Man given suspended sentence by Cork court for sexual assault
Ruairi Kennedy pleaded guilty at Cork Circuit Criminal Court to the sexual assault.
A Leaving Cert student’s sexual assault approximately 10 years ago, which she called “a slow-motion horror”, resulted in the assailant getting a suspended jail sentence following a one-week remand in custody.
Prosecution barrister Imelda Kelly said the injured party did not want to be identified, but had no issue with the identification of Ruairi Kennedy, aged 28, formerly of Glanmire, County Cork, who has been working overseas for several years.
He pleaded guilty at Cork Circuit Criminal Court to the sexual assault.
Judge Helen Boyle imposed a sentence of two and a half years, backdated to when Kennedy went into custody on February 19, but the balance of which has now been suspended.

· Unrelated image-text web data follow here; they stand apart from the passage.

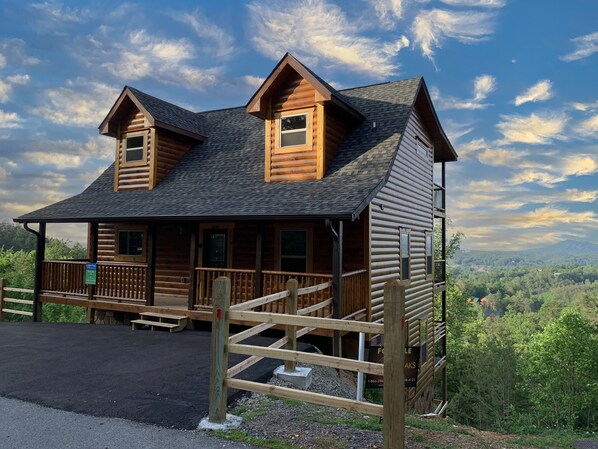 Exterior photo of cabin from driveway area - Exterior photo of cabin from driveway area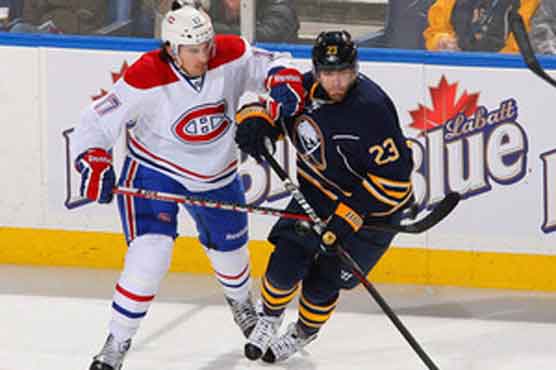 Blackhawks win 5th straight to lead NHL 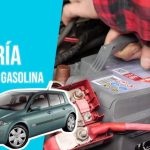 Donde esta los fusibles renault megane clasic unto a batería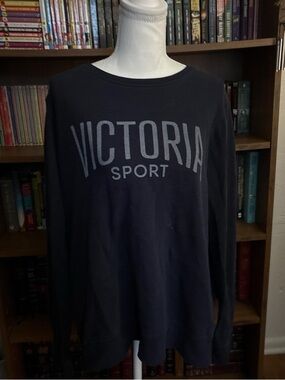 Victoria Sport Women's Crewneck Sweatshirt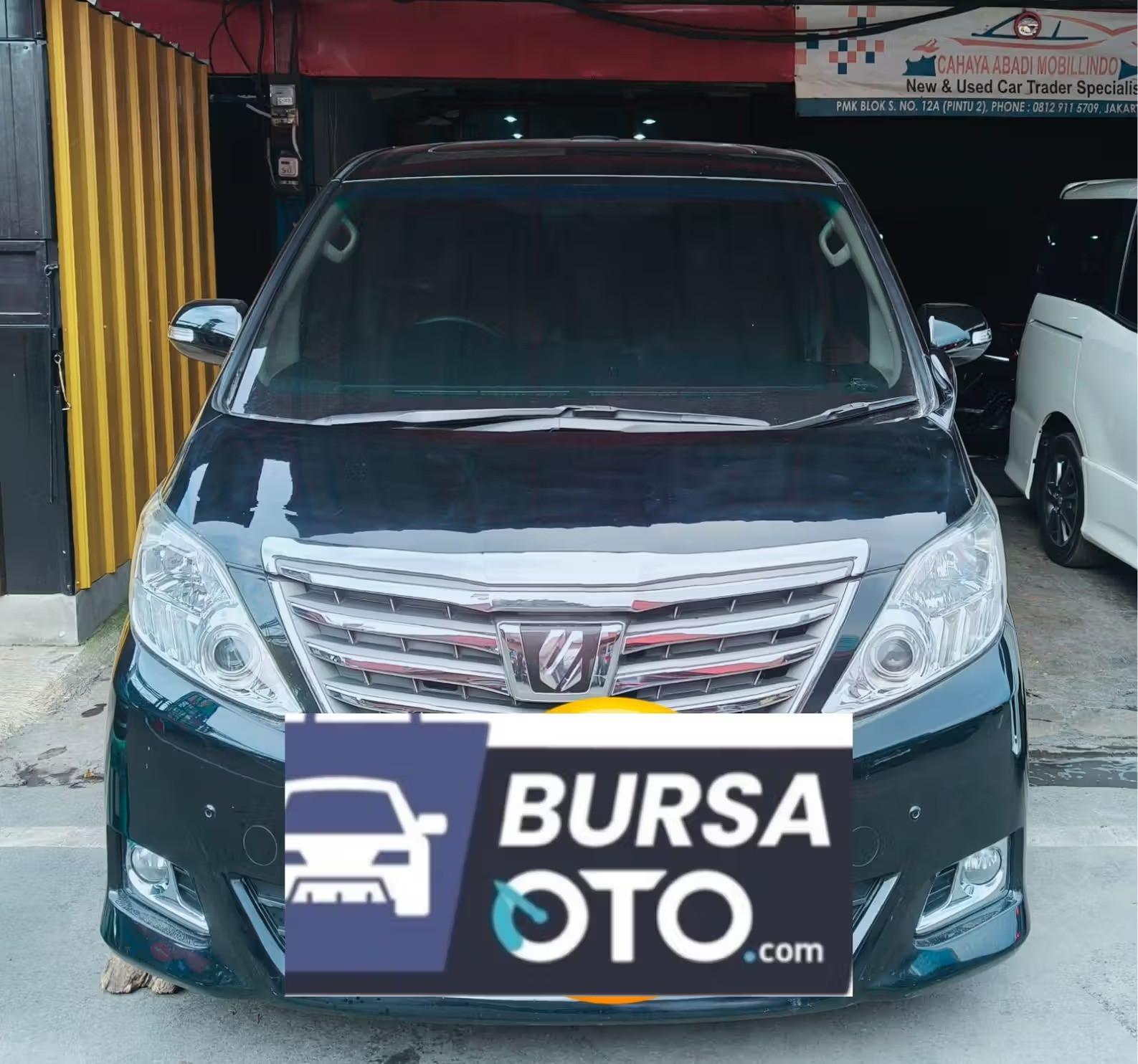 2013 Toyota Alphard Bekas 2013 Toyota Alphard Bekas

Judge Boyle accepted that this was a sexual assault carried out by an 18-year-old on another 18-year-old and that he immediately expressed remorse for his actions.
The injured party said: “The night you attacked me shattered my life in ways I could never have imagined.
“After what you did to me, everything I had worked for, every dream, every goal was destroyed.
“Retelling my trauma became its own form of torment, a never-ending cycle of pain that left me gasping for relief, but none came.
“I felt like I was living in a nightmare that wouldn’t end, a slow-motion horror I couldn’t escape.
“You were someone I trusted… You abused that trust.”
Testified
Detective Garda Craig Peterson testified that the victim woke to find the defendant with his hand inside her clothes, near her vagina but not inside, and she brushed his hand away, fell back to sleep, and the next morning she told her mother, brother and a friend what happened.
Alice Fawsitt, senior counsel, submitted that: “They had both been at an 18th birthday party. They had a lot to drink.
“There was weed consumed and four of them went back to her house.
“He is now married, living and working outside of Ireland now. He pleaded guilty to one count of sexual assault.
“There was phone communication between the defendant and her [the injured party’s] brother, in which he apologised for what he had done.
“And he apologised to her by Facebook message to her brother.”
In a letter, the defendant said: “I realised how serious this was the next morning. I felt disgusted. I felt too ashamed to look at her in the eye.
“I was drunk, but that is no excuse. I felt scared of myself — to think of what I could do.
“I am not asking for forgiveness. I just want my apology to be heard.”